### Problem description
Give all the records again, with no alterations.

Short descriptive text snippets:
== Segment start ==

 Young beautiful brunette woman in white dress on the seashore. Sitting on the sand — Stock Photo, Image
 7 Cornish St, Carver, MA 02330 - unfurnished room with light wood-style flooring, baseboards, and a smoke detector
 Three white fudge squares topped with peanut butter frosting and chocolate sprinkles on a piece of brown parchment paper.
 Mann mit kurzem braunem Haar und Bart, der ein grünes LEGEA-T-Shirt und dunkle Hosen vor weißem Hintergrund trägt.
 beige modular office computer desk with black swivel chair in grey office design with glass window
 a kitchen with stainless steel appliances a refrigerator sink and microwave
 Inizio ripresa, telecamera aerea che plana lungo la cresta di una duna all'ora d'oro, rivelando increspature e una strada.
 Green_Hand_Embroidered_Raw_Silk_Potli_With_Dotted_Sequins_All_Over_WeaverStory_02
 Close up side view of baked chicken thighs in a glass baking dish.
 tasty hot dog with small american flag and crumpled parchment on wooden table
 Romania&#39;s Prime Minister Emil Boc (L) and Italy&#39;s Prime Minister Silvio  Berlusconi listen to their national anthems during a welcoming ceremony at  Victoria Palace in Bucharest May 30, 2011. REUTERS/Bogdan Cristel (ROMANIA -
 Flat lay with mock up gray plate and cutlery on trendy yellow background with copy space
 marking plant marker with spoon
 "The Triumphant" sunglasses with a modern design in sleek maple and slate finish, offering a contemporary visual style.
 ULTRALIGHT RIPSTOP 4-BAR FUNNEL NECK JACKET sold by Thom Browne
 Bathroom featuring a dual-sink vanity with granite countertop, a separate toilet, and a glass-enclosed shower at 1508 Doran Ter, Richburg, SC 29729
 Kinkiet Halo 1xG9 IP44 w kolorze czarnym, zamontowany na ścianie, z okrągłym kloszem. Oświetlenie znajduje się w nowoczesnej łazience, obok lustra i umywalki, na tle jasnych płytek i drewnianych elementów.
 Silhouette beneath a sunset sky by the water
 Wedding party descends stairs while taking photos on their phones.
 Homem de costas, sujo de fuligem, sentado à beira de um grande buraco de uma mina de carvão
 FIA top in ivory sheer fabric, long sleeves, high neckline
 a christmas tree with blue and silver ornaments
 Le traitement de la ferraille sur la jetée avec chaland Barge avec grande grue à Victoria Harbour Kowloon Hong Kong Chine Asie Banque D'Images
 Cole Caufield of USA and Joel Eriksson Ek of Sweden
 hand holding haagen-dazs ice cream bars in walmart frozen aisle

== Segment end ==

### Answer
 Young beautiful brunette woman in white dress on the seashore. Sitting on the sand — Stock Photo, Image
 7 Cornish St, Carver, MA 02330 - unfurnished room with light wood-style flooring, baseboards, and a smoke detector
 Three white fudge squares topped with peanut butter frosting and chocolate sprinkles on a piece of brown parchment paper.
 Mann mit kurzem braunem Haar und Bart, der ein grünes LEGEA-T-Shirt und dunkle Hosen vor weißem Hintergrund trägt.
 beige modular office computer desk with black swivel chair in grey office design with glass window
 a kitchen with stainless steel appliances a refrigerator sink and microwave
 Inizio ripresa, telecamera aerea che plana lungo la cresta di una duna all'ora d'oro, rivelando increspature e una strada.
 Green_Hand_Embroidered_Raw_Silk_Potli_With_Dotted_Sequins_All_Over_WeaverStory_02
 Close up side view of baked chicken thighs in a glass baking dish.
 tasty hot dog with small american flag and crumpled parchment on wooden table
 Romania&#39;s Prime Minister Emil Boc (L) and Italy&#39;s Prime Minister Silvio  Berlusconi listen to their national anthems during a welcoming ceremony at  Victoria Palace in Bucharest May 30, 2011. REUTERS/Bogdan Cristel (ROMANIA -
 Flat lay with mock up gray plate and cutlery on trendy yellow background with copy space
 marking plant marker with spoon
 "The Triumphant" sunglasses with a modern design in sleek maple and slate finish, offering a contemporary visual style.
 ULTRALIGHT RIPSTOP 4-BAR FUNNEL NECK JACKET sold by Thom Browne
 Bathroom featuring a dual-sink vanity with granite countertop, a separate toilet, and a glass-enclosed shower at 1508 Doran Ter, Richburg, SC 29729
 Kinkiet Halo 1xG9 IP44 w kolorze czarnym, zamontowany na ścianie, z okrągłym kloszem. Oświetlenie znajduje się w nowoczesnej łazience, obok lustra i umywalki, na tle jasnych płytek i drewnianych elementów.
 Silhouette beneath a sunset sky by the water
 Wedding party descends stairs while taking photos on their phones.
 Homem de costas, sujo de fuligem, sentado à beira de um grande buraco de uma mina de carvão
 FIA top in ivory sheer fabric, long sleeves, high neckline
 a christmas tree with blue and silver ornaments
 Le traitement de la ferraille sur la jetée avec chaland Barge avec grande grue à Victoria Harbour Kowloon Hong Kong Chine Asie Banque D'Images
 Cole Caufield of USA and Joel Eriksson Ek of Sweden
 hand holding haagen-dazs ice cream bars in walmart frozen aisle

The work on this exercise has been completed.